The choice of the Complex Method proved highly suitable. Its ability to handle non-differentiable, simulation-based objective functions and explicit constraints makes it a practical tool for this real-world engineering problem. The significant positive profile shift coefficients (\( x_1, x_2 > 2.0 \)) obtained in the example are characteristic of harmonic drive gears. They serve to avoid undercut in the flexspline (which has a low virtual tooth count due to its large negative deflection), strengthen the tooth form, and, as optimized here, finely tune the operating clearance.
The radial deformation coefficient \( w_0^* \approx 1.0 \) is also typical, indicating a wave generator amplitude roughly equal to the module. This value balances sufficient tooth engagement for torque capacity against excessive flexspline stress and strain.

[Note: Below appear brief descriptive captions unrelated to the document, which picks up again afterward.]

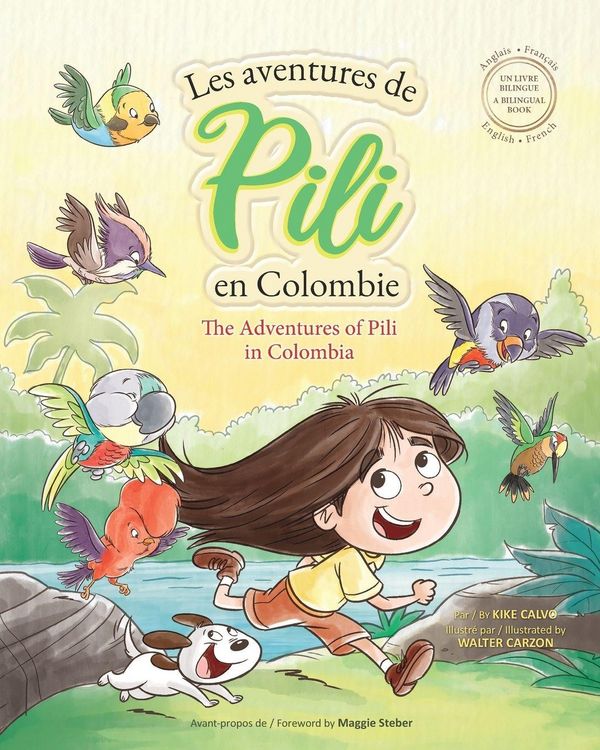 Produktbild: Les Aventures de Pili en Colombie. Dual Language Books for Children. Bilingual English - French. Fran&ccedil;ais . Anglais
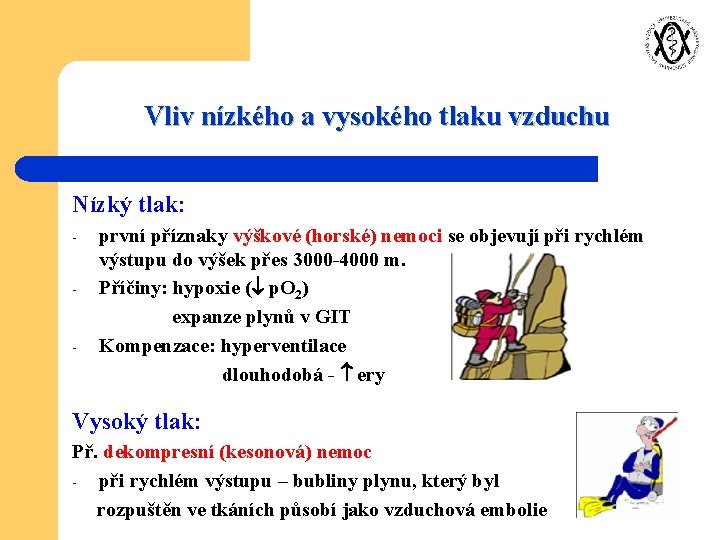 Vliv nízkého a vysokého tlaku vzduchu Nízký tlak: - - první příznaky výškové (horské)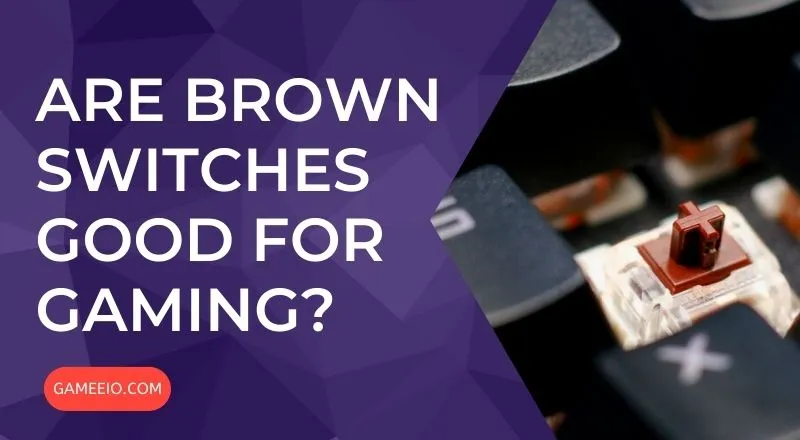 Are Brown Switches Good for Gaming? — Ultimate Guide
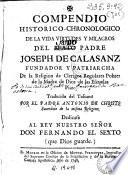 Compendio historico-chronologico de la vida, virtudes y milagros del Beato Padre Joseph de Calasanz ...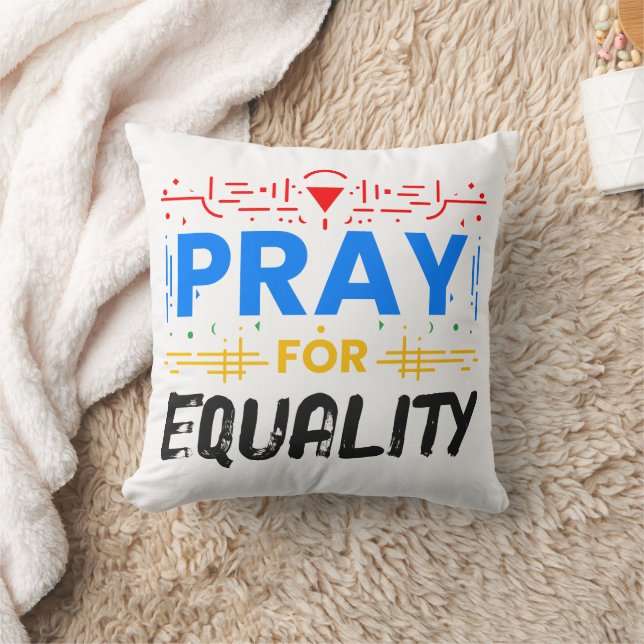 Pray For Equality Throw Pillow (Blanket)
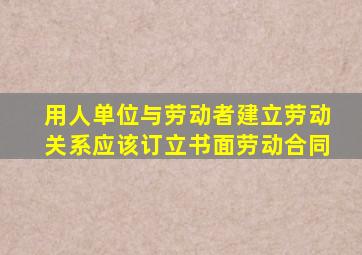 用人单位与劳动者建立劳动关系应该订立书面劳动合同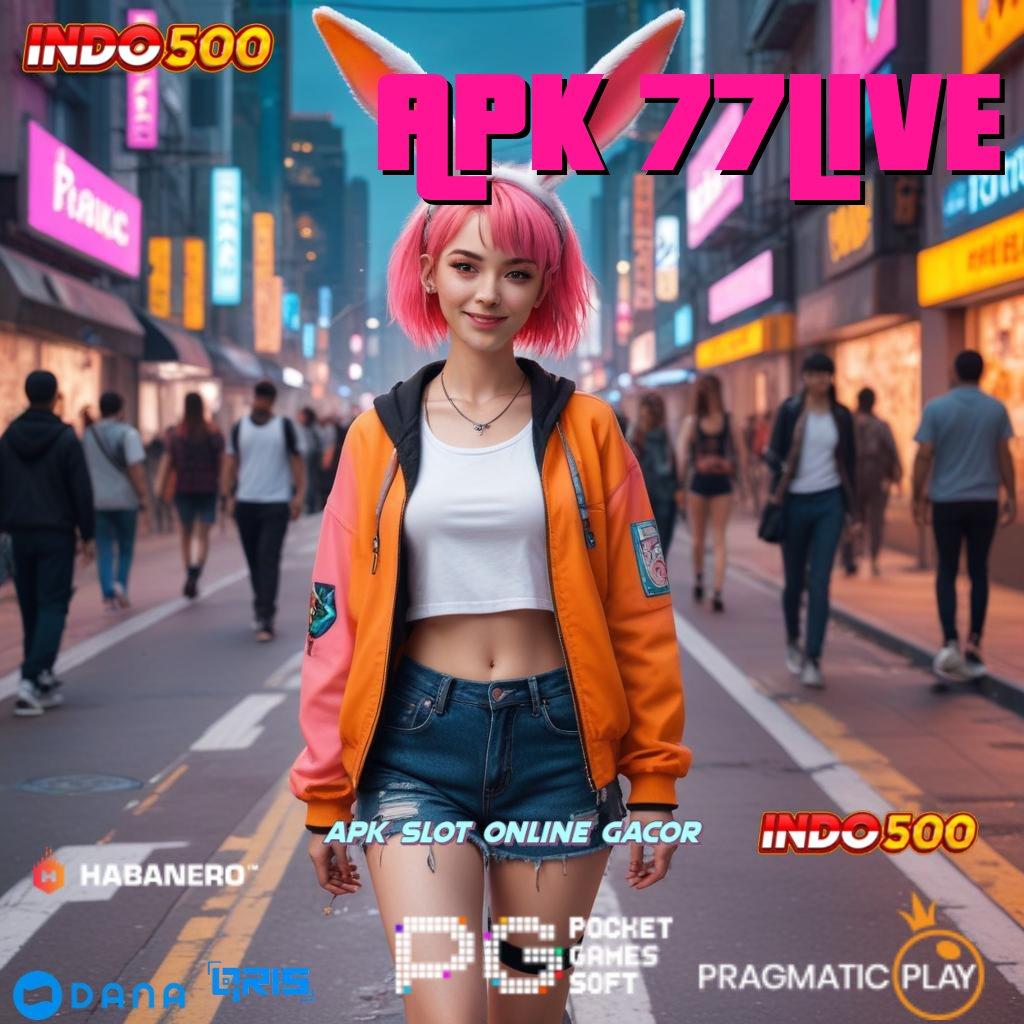 APK 77LIVE ➤ jaminan hoki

In conclusion, the systematic, optimization-based approach presented herein moves harmonic drive gear design from a realm of empirical trial-and-error or limited standard tables to a more analytical and performance-driven process. It allows designers to tailor a harmonic drive gear for specific applications, whether they demand ultra-high precision with near-zero backlash or robust power transmission with controlled clearance. Future work could expand the optimization framework to include multi-objective considerations, such as simultaneously minimizing backlash and maximizing fatigue life or torsional stiffness, further advancing the design sophistication of this uniquely capable gear technology.